_Input_
============

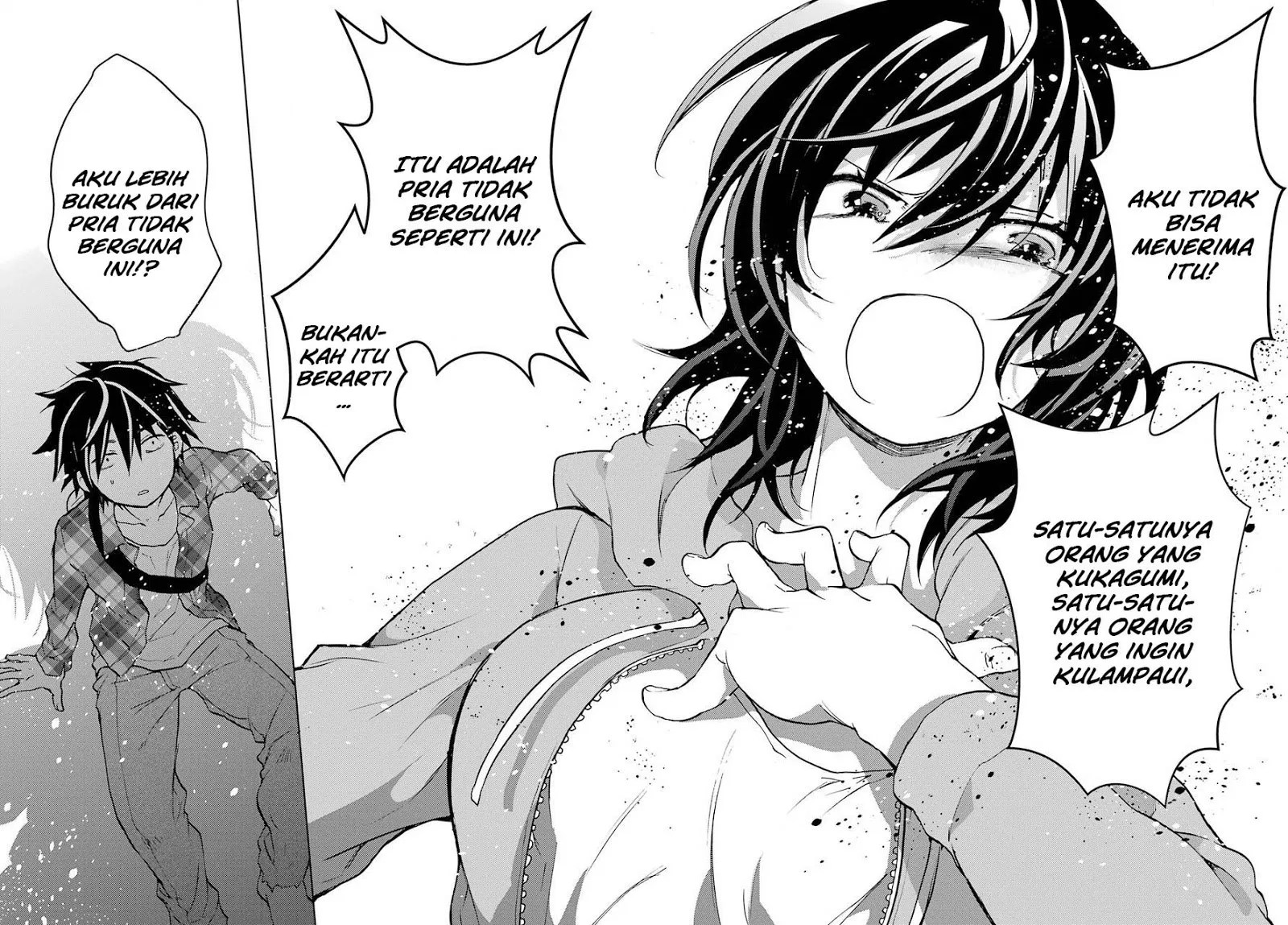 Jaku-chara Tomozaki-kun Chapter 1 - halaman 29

============

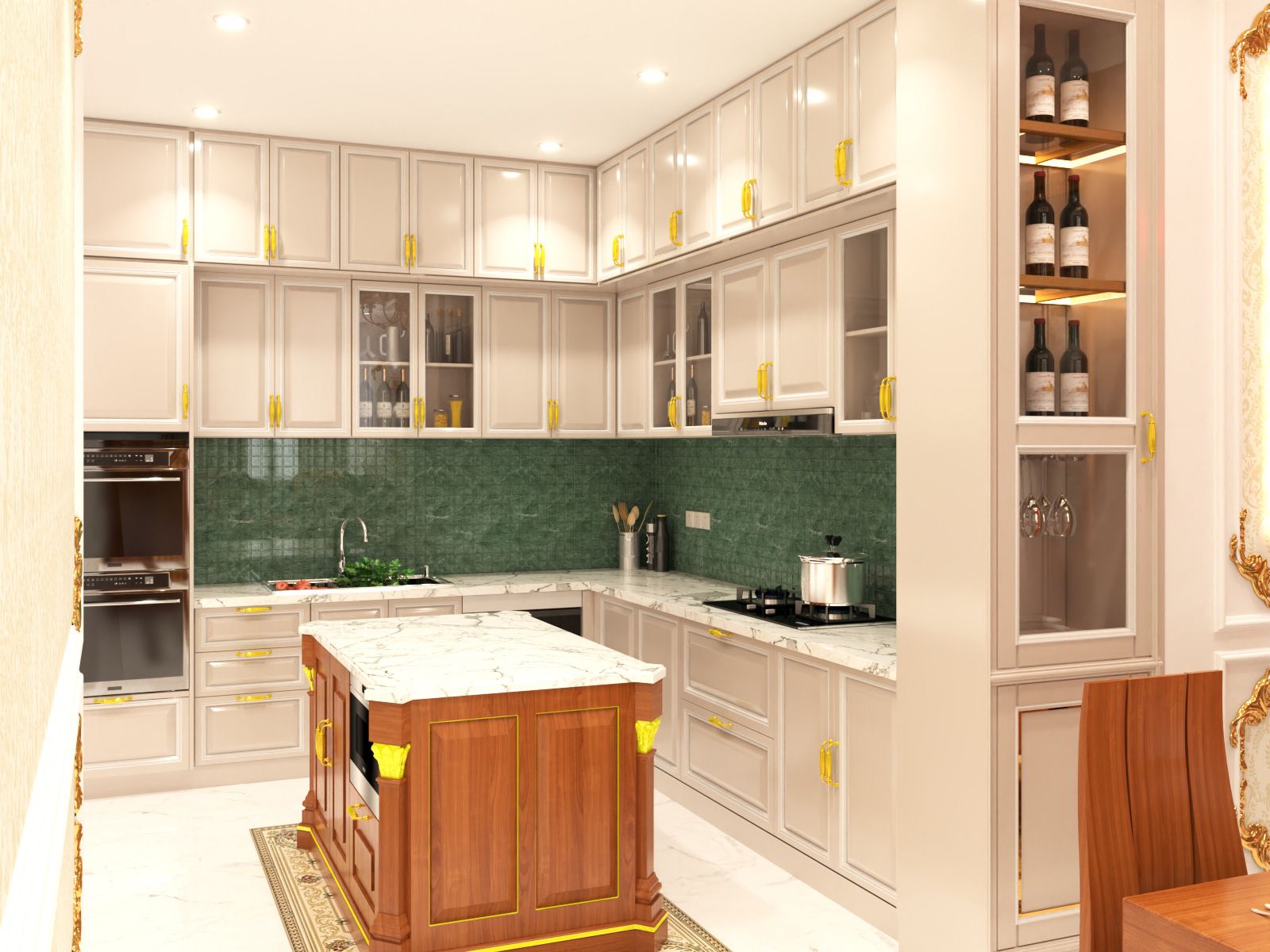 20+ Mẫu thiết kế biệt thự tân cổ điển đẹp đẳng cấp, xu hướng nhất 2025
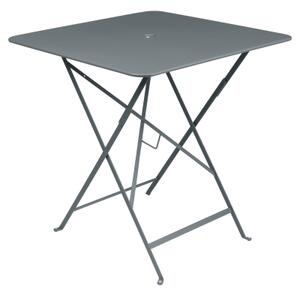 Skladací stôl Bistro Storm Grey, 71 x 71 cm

============

_What needs to be done_
Because only one stretch of the records is wanted, please output the lines from the one holding "20+ Mẫu thiết" through the one holding "Skladací stôl Bistro Storm Grey, 71 x 71 cm" exactly, both included, and leave every picture out.

_Expected answer_
 20+ Mẫu thiết kế biệt thự tân cổ điển đẹp đẳng cấp, xu hướng nhất 2025
 Skladací stôl Bistro Storm Grey, 71 x 71 cm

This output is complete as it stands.